I'm focusing on either the P8P67 Pro or the Regular, or the ASRock Extreme 4.

A little hesitant on Asus because it seems there have been some startup glitches, but I know there are lots of people with working boards now so its not insurmountable.

1) Trying to decide whether ASUS perceived quality, 3yr warranty and potential that they'll follow along with Bios updates over the years is better than with ASRock (and worth the price differential).

2) Also the ASRock comes with the USB 3.0 front port adapter, which the ASUS doesnt (unless you buy the Deluxe). My question is for those who have the ASUS, do all the P8P67s have the SOCKET for that front port adapter, such that in the future I could theoretically pay $10 and buy one? (I assume they're a universal design). Right now I don't place a huge amount of value on the front USB 3.0 --- if I get a drive dock at some point it can always be hooked in back. What will one use a USB 3.0 for? Flash card readers? Do SD cards currently transfer at a rate which saturates USB 2.0? I don't know but hopefully you do. At this point I might not even install the bracket on my case if I got the ASRock, as my case already has front USB 2.0 ports and I'd just be adding a bay with 2 more slots for no reason. But I'm trying to figure out how much I should be valuing the "free" adapter you get with the ASRock vs not getting it with the ASUS.

Any opinions on either or both of the above are appreciated. I'm sure some of you have done similar thinking as you've been buying your mobos.

a c 78 V Motherboard
a b Ĉ ASUS
January 18, 2011 4:37:41 PM

Buy the P8P67 Deluxe version; the top end boards will have longer BIOS support than mid-range/low-end boards, but it will not be anywhere close to three years, you'll be lucky if it is 12 months. When you look at the CPU changes, chipset changes, etc., 12 months of updated BIOSes is a long time. BIOS updates are usually to fix a problem or add support for new hardware or hardware capabilities. ASUS has a longer, better history in board support than ASRock
a b V Motherboard
January 18, 2011 4:38:08 PM

hogan773 said:
I'm focusing on either the P8P67 Pro or the Regular, or the ASRock Extreme 4.

A little hesitant on Asus because it seems there have been some startup glitches, but I know there are lots of people with working boards now so its not insurmountable.

1) Trying to decide whether ASUS perceived quality, 3yr warranty and potential that they'll follow along with Bios updates over the years is better than with ASRock (and worth the price differential).
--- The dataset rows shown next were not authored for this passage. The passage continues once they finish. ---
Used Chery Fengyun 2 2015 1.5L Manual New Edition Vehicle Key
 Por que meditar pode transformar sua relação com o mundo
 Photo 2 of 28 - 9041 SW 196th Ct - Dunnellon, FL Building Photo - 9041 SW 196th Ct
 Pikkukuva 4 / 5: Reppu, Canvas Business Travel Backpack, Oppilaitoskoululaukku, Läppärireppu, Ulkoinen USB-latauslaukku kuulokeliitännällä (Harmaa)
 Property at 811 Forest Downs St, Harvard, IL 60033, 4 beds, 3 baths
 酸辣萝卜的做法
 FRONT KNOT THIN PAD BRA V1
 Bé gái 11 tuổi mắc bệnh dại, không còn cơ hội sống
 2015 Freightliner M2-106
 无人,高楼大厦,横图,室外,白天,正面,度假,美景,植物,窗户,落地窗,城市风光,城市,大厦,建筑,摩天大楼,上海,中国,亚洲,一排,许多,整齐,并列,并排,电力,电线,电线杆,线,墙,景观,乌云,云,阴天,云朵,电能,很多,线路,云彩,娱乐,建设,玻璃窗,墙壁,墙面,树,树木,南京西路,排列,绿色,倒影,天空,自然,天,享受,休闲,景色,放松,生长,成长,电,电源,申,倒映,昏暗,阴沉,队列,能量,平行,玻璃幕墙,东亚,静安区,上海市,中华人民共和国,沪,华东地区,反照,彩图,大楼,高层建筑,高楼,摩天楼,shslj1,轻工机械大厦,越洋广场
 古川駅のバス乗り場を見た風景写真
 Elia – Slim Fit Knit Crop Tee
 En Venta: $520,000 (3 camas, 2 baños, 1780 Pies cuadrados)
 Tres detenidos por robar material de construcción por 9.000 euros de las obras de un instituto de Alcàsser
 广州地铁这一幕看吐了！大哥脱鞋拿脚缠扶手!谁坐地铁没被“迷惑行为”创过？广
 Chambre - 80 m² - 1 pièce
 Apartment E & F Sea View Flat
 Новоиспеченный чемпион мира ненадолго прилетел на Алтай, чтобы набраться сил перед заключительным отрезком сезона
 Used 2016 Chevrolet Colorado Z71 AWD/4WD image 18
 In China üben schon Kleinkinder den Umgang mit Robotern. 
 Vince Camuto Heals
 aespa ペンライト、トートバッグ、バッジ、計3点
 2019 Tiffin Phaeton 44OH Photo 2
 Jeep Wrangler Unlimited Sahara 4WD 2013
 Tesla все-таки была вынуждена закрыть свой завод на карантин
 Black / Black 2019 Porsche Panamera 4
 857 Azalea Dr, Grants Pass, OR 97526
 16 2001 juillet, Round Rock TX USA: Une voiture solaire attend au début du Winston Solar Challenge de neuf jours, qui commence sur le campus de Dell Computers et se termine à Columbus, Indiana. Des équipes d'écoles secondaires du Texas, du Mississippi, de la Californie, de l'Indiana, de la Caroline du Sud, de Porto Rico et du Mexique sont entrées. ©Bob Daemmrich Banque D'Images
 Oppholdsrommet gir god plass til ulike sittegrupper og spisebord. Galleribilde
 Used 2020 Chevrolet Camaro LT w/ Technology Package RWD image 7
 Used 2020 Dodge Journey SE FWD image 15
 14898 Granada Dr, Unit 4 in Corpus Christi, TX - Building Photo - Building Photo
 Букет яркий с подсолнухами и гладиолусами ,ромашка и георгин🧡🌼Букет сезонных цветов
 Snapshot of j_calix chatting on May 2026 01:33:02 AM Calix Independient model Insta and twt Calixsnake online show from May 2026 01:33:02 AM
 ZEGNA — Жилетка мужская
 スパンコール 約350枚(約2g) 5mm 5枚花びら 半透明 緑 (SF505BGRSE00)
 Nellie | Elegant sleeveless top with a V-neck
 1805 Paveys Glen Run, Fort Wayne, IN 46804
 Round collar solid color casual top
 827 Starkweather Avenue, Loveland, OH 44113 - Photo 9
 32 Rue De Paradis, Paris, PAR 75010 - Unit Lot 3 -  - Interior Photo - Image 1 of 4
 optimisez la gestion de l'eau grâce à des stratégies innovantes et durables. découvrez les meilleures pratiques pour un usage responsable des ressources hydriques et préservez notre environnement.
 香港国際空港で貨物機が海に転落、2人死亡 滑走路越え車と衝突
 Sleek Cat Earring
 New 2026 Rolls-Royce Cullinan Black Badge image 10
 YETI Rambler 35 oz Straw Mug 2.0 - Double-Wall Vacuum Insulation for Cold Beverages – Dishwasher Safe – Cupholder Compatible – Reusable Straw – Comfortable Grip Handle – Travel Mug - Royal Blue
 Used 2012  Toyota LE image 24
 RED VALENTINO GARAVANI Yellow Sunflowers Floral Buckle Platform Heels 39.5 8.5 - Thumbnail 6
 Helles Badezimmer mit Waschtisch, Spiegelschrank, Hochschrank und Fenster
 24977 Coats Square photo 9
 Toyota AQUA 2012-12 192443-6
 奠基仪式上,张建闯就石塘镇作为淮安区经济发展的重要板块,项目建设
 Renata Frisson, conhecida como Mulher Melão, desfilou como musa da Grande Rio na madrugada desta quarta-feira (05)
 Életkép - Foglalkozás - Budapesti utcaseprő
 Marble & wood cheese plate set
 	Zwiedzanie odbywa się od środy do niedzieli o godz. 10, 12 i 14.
2) Also the ASRock comes with the USB 3.0 front port adapter, which the ASUS doesnt (unless you buy the Deluxe). My question is for those who have the ASUS, do all the P8P67s have the SOCKET for that front port adapter, such that in the future I could theoretically pay $10 and buy one? (I assume they're a universal design). Right now I don't place a huge amount of value on the front USB 3.0 --- if I get a drive dock at some point it can always be hooked in back. What will one use a USB 3.0 for? Flash card readers? Do SD cards currently transfer at a rate which saturates USB 2.0? I don't know but hopefully you do. At this point I might not even install the bracket on my case if I got the ASRock, as my case already has front USB 2.0 ports and I'd just be adding a bay with 2 more slots for no reason. But I'm trying to figure out how much I should be valuing the "free" adapter you get with the ASRock vs not getting it with the ASUS.

Any opinions on either or both of the above are appreciated. I'm sure some of you have done similar thinking as you've been buying your mobos.


Don't be hesitant. I understand your concern but remember ASUS sells the most and was quick out of the starting gate so you'll see more comments about them than anyone else...it is a question of numbers. The glitches were minor and most were user error. My Pro is working great and I think it is a awesome mobo.

1. ASUS is good quality stuff and has solid support and a long 3 yr warranty. If you are concerned, you can always buy over the counter return coverage for a nominal cost at many dealers (mine offered it...2yr over the counter was $29).

2. The Asus ATX boards all have the USB v3.0 hookup near the SATA ports on the mobo. The deluxe comes with the header, the Pro does not. If one ever wants to buy one, they can be had, price unknown to me. The mobo USB connection can be used to connect to an existing USB v3.0 header connection from the case or you can plug in the ASUS add-on header as mentioned.

Hope this helps.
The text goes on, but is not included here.